2014 Year in Review: Part 2

August

• Whatcom County Council enthusiastically approved the scenic loop proposal for Point Roberts.

• Plans for the annual Arts and Music Festival moved forward despite a scare that the closure of half of the boardwalk at Lighthouse Marine Park would derail the event. The county parks department began budgeting to redesign and replace the boardwalk.

• The Point Roberts Food Bank, with operations spread out to several locations, asked for community support in finding a permanent home.

• Trinity Lutheran Church prepared for another year of the Children’s Music Camp and offered a special concert featuring the arrangements of local musician Esther Rosenthal.

• Local resident Margot Griffiths published her first novel, “Angel Hair.”

• United Parcel Service (UPS) announced a new franchise of the UPS Store was scheduled to open in Point Roberts.

• Former fire chief Bill Skinner announced his retirement from the local fire department after serving over 20 years.

• The Point Roberts Volunteer Firefighters Association raised over $1,000 for Dollars for Scholars through carwashes in July.

• The dock at Lighthouse Marine Park, due to be installed for the summer, was put on hold again due to uncooperative tides and spawning fish.

• The Friends of the Point Roberts Library (FOPRL) presented a show of quilts by Judy Ross as a benefit for the library construction fund.

September

• People denied NEXUS membership struggled to get answers about why, and turned to Blaine attorney Len Saunders for legal help.

• Whatcom County set a November hearing date for the radio tower array proposed for Point Roberts.

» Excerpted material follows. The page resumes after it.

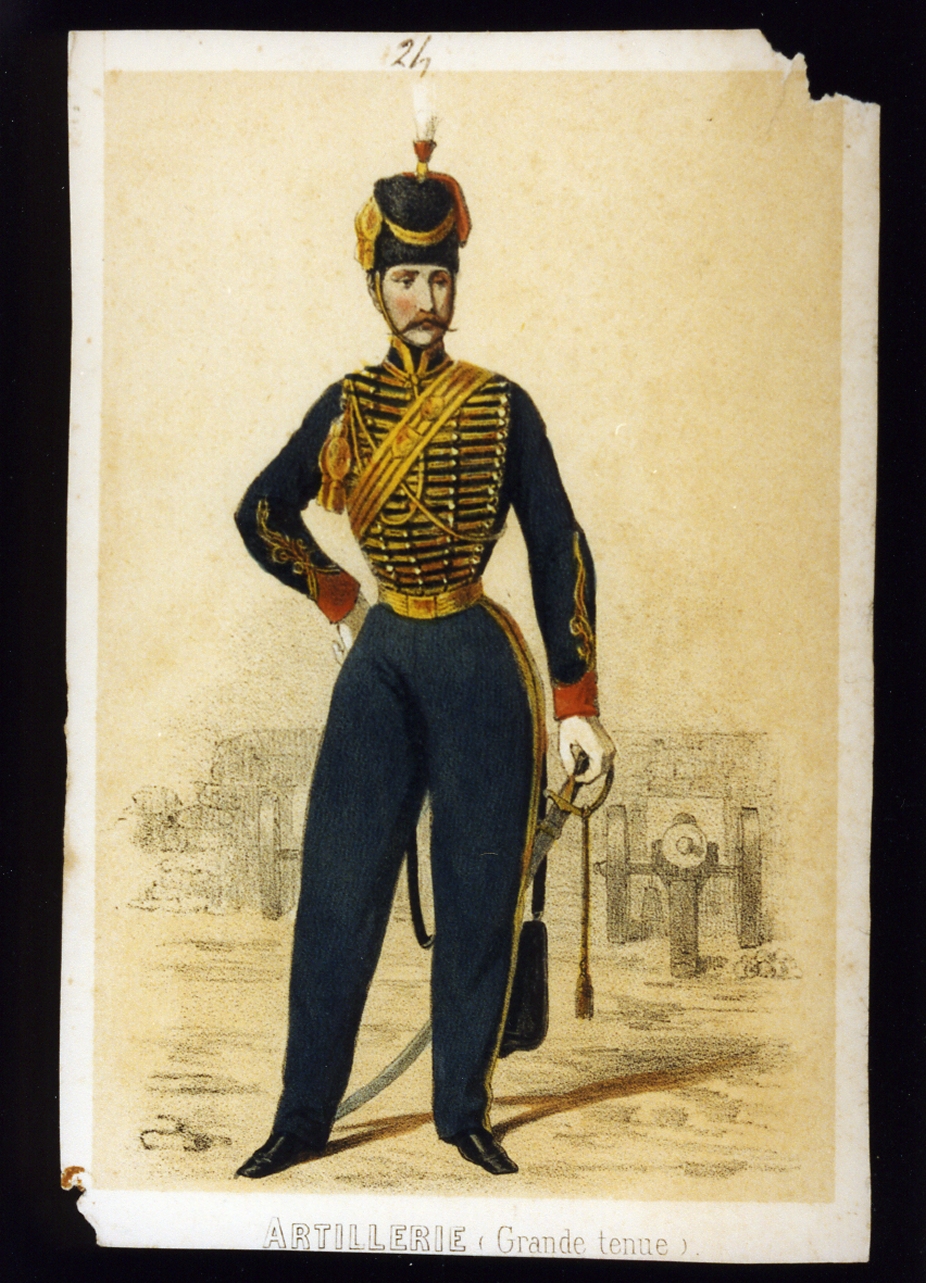 militare dell'esercito di Napoleone III: artigliere in gran tenuta (stampa a colori) - ambito francese (sec. XIX)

• The Blaine school district board approved putting a $45 million bond before the voters in February to fund an expansion of the high school and a roof replacement at the Point Roberts Primary School.

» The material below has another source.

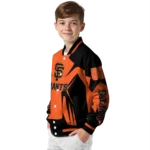 customized san francisco giants spider mark orange black crocs varsity jacket best selling
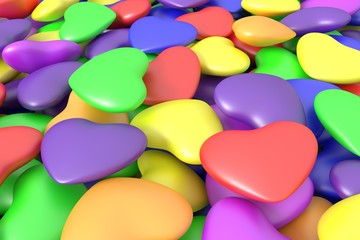 Colorful hearts background. 3D rendering.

• Jim McMurty won the coveted Ha Ha Cup at the 2014 joke telling contest.

• Les and Nancy Lomedico announced plans to shut down The Letter Carrier, citing the condition of the building and an expiring lease.

• With his application to put up a 25-foot internally-lit sign turned down by the county, Valero owner Fred Pakzad went back to the character plan committee proposing a 22-foot sign advertising Valero and the new UPS Store, replacing the community events sign.

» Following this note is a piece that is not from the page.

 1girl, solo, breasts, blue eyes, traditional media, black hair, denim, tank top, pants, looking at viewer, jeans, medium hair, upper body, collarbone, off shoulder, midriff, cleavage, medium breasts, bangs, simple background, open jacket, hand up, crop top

• B.C. artist Blake Wydeman painted a mural featuring summer berries on the wall of the Baker Field restrooms.

• At a well-attended community forum, congresswoman Suzan DelBene talked about efforts to ease border lineups and concerns about proposed radio towers.

• A Richmond antiques dealer was indicted for smuggling ivory and rhino horns through Point Roberts parcel services.

• The local water district told the developers of The Cottages at Seabright Farm it was up to them to negotiate with the current property owners of a parcel which was once part of the development but was foreclosed upon regarding who owns the water connections purchased by Stanton Northwest in 2005 for the project.

October

• The Canadian Radio-television and Telecommunications Commission (CRTC) scheduled a hearing to consider whether a trio of radio stations are breaking the law by broadcasting content produced in Canada from across the border.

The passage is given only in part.